» Your assignment:
Print word for word the first line of the records below and every following line through the one containing "Peugeot Expands Local"; print nothing else.
=-=-=-=-=
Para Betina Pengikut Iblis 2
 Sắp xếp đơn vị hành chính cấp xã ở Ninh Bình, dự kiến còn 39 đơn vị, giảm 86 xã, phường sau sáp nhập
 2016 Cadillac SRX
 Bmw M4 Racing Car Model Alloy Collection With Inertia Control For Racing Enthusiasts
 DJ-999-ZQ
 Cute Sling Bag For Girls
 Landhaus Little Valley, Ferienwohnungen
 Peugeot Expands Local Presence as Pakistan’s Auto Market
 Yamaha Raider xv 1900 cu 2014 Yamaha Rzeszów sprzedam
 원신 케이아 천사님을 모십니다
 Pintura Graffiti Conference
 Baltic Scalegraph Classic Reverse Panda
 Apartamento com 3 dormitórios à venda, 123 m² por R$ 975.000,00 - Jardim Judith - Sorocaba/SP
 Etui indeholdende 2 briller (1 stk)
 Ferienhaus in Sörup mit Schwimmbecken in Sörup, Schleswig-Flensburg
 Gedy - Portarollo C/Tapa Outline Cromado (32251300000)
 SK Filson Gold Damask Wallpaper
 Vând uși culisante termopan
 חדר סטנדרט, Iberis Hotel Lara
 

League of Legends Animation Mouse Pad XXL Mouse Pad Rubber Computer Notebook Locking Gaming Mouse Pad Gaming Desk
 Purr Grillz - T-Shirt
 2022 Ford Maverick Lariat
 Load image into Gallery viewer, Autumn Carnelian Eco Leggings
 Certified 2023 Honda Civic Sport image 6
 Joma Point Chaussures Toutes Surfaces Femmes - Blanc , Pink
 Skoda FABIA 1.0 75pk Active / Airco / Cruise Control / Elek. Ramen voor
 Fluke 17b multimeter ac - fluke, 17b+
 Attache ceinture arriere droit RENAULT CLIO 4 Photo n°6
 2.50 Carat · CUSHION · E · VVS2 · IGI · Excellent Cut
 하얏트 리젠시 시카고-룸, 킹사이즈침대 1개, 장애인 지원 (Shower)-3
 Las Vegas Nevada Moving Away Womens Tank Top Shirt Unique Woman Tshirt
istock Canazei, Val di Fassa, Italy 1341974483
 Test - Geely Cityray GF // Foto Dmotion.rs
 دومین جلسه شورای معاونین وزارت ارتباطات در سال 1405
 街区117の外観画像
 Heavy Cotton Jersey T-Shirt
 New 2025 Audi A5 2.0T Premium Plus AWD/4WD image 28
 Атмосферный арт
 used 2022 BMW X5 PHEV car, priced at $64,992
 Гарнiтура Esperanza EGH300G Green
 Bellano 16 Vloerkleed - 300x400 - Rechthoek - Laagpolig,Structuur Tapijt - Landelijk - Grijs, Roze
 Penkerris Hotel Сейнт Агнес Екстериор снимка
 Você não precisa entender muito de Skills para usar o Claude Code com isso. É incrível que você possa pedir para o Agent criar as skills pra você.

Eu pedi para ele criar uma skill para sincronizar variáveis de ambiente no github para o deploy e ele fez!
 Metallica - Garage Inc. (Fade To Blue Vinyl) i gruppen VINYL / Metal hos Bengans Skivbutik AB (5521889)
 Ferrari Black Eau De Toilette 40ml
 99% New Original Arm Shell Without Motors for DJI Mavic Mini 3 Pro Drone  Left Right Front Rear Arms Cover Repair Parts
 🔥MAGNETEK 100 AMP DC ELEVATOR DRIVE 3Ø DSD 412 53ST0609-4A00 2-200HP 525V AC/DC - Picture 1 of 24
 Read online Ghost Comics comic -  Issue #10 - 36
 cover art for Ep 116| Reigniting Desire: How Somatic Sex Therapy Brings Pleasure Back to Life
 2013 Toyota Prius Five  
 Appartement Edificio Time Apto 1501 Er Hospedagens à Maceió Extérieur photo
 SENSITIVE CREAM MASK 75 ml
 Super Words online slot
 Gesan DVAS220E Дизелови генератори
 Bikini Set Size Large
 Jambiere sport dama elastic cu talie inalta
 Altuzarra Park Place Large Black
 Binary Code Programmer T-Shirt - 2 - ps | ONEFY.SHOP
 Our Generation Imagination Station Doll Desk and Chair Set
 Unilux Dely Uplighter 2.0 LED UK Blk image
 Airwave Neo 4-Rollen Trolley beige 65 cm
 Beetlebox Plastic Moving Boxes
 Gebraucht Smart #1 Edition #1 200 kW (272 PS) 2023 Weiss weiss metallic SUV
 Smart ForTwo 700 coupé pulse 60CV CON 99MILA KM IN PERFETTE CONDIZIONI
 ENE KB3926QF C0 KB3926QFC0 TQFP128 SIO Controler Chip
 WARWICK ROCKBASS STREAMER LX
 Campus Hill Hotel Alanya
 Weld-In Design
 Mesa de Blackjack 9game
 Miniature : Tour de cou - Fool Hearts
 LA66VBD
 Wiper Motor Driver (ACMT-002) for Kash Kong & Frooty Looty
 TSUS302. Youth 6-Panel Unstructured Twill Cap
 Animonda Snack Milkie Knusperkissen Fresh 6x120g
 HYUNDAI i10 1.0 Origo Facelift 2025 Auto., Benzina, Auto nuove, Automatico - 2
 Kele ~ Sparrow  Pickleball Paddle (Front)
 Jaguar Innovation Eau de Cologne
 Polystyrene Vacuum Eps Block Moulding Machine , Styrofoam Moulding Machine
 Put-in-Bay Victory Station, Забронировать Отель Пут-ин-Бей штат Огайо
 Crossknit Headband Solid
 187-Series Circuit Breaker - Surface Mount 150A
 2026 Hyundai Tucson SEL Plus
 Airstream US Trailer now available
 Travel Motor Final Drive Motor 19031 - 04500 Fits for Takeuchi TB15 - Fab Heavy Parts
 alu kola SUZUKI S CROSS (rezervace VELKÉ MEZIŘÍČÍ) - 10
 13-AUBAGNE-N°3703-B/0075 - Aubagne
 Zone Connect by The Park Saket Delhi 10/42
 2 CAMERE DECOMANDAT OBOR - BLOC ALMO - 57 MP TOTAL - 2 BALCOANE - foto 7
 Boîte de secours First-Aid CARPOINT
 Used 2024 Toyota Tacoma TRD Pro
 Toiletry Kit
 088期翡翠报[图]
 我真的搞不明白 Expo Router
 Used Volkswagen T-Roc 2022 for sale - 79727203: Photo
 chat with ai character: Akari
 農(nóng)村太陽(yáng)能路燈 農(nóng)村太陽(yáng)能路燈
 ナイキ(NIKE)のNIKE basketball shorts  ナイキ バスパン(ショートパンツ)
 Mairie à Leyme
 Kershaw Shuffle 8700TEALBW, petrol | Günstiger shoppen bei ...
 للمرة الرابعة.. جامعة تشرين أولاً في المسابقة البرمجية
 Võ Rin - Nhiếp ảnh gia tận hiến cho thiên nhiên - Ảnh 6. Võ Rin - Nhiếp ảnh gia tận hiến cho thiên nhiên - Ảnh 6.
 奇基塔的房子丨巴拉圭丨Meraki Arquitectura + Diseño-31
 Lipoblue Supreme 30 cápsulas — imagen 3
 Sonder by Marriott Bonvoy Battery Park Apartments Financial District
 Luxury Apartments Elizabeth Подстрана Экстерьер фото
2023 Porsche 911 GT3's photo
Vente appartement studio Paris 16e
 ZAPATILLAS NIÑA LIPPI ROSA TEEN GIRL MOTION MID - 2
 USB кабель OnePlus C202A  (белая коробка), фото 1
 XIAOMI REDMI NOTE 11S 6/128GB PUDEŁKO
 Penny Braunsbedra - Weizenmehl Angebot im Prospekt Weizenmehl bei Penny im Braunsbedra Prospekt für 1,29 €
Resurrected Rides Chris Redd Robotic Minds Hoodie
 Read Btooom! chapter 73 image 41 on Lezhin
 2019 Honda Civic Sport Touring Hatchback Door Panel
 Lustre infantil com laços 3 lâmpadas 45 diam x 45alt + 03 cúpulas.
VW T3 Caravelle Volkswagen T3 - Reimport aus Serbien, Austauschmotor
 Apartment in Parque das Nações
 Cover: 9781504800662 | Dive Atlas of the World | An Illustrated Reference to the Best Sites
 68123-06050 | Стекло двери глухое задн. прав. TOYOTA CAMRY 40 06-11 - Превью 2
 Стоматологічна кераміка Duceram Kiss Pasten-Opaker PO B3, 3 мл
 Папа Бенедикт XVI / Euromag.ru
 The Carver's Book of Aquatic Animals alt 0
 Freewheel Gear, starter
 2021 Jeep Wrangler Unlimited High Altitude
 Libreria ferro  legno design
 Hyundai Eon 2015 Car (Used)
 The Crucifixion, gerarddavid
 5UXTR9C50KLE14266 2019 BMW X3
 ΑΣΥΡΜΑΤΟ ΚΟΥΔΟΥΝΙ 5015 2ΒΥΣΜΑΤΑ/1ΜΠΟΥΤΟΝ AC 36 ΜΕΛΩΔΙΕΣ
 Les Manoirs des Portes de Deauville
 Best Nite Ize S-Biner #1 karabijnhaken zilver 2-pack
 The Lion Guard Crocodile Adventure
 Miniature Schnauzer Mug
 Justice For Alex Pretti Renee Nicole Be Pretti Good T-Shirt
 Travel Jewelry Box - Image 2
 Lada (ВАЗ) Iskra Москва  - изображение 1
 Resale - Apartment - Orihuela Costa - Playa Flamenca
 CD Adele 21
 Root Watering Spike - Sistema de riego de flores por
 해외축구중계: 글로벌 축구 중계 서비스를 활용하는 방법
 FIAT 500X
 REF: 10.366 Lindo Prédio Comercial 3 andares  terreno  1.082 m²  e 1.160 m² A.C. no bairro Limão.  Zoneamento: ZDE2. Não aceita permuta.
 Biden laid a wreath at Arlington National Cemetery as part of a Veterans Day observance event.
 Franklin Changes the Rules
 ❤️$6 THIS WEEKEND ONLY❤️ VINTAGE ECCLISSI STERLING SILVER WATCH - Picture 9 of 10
=-=-=-=-=
» Response for this exercise:
Para Betina Pengikut Iblis 2
 Sắp xếp đơn vị hành chính cấp xã ở Ninh Bình, dự kiến còn 39 đơn vị, giảm 86 xã, phường sau sáp nhập
 2016 Cadillac SRX
 Bmw M4 Racing Car Model Alloy Collection With Inertia Control For Racing Enthusiasts
 DJ-999-ZQ
 Cute Sling Bag For Girls
 Landhaus Little Valley, Ferienwohnungen
 Peugeot Expands Local Presence as Pakistan’s Auto Market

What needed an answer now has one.